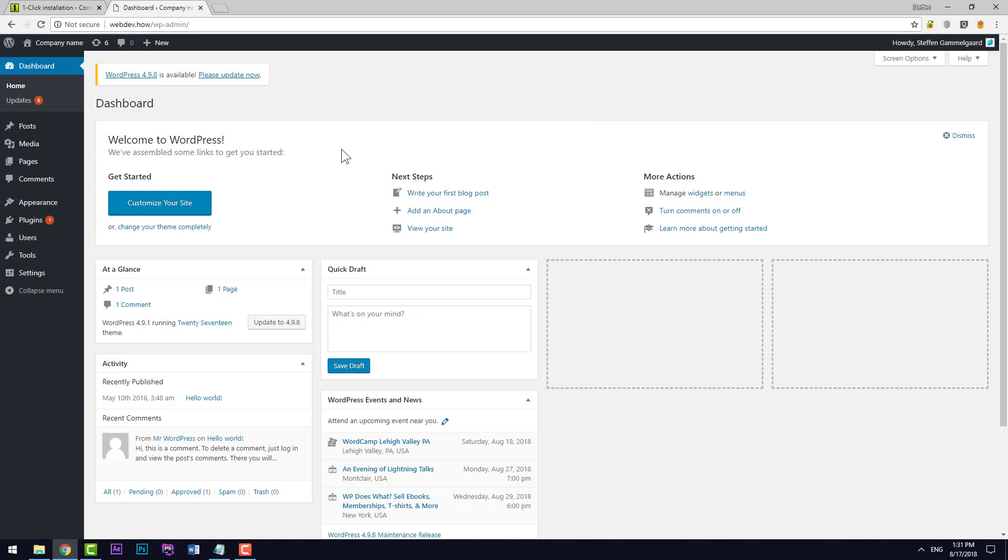And ready to start building a website. If you have any questions feel free to ask them in the comments below. Otherwise take care and have fun building with WordPress.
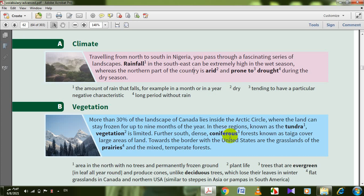Further south, dense coniferous forests — الأشجار دائمة الخضر — trees that are evergreen, in leaf all year round, and produce cones. Unlike deciduous trees, which lose their leaves in winter. So the opposite of coniferous trees is deciduous trees.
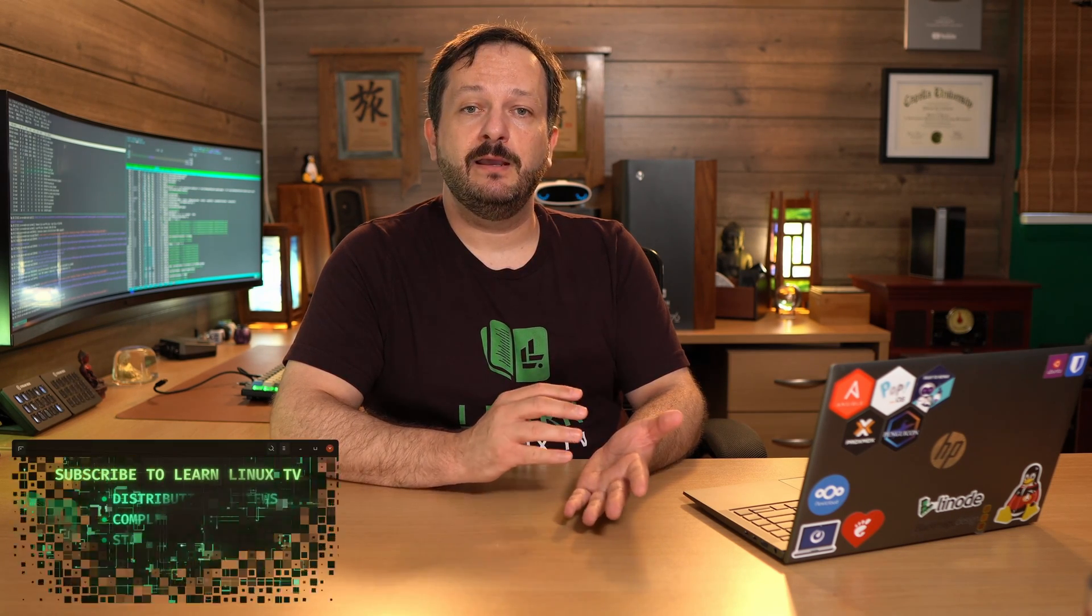Hello again everyone, and welcome back to Learn Linux TV, and also welcome back to my brand new updated Vim series here on this channel. In this series, I'm teaching all of you Vim beginners everything you need to know to become productive with Vim. Are you liking this series so far? If you are, then be sure to subscribe to Learn Linux TV.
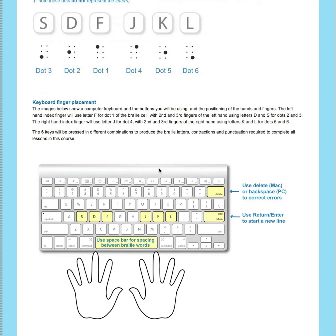Your right hand and right index finger will use letter J representing dot 4 of the braille cell. And your second and third fingers will use letters K and L representing dots 5 and 6 of the braille cell.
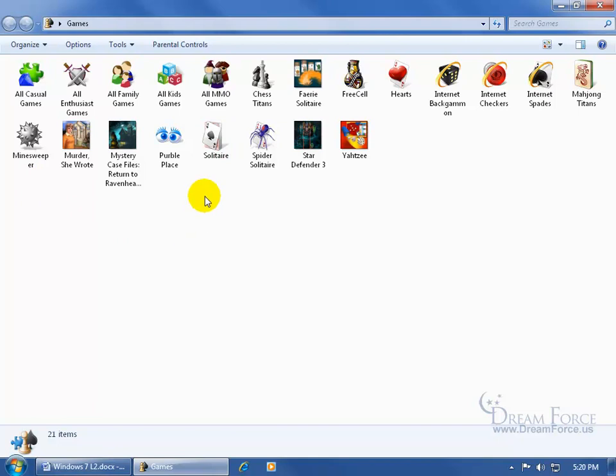All you have to do is just double click on them to start playing them. Now if you want more interesting or more enjoyable games, I call them, like Murder She Wrote, Mystery Files, Action Games, I go to msn.com.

◆ ◆ ◆ ◆

_TASK STATEMENT_
Pictures excluded, copy the lines exactly from where the material starts to the line with "Hello again everyone, and", inclusive.

_ANSWER FOR THE TASK_
And ready to start building a website. If you have any questions feel free to ask them in the comments below. Otherwise take care and have fun building with WordPress.
Further south, dense coniferous forests — الأشجار دائمة الخضر — trees that are evergreen, in leaf all year round, and produce cones. Unlike deciduous trees, which lose their leaves in winter. So the opposite of coniferous trees is deciduous trees.
Hello again everyone, and welcome back to Learn Linux TV, and also welcome back to my brand new updated Vim series here on this channel. In this series, I'm teaching all of you Vim beginners everything you need to know to become productive with Vim. Are you liking this series so far? If you are, then be sure to subscribe to Learn Linux TV.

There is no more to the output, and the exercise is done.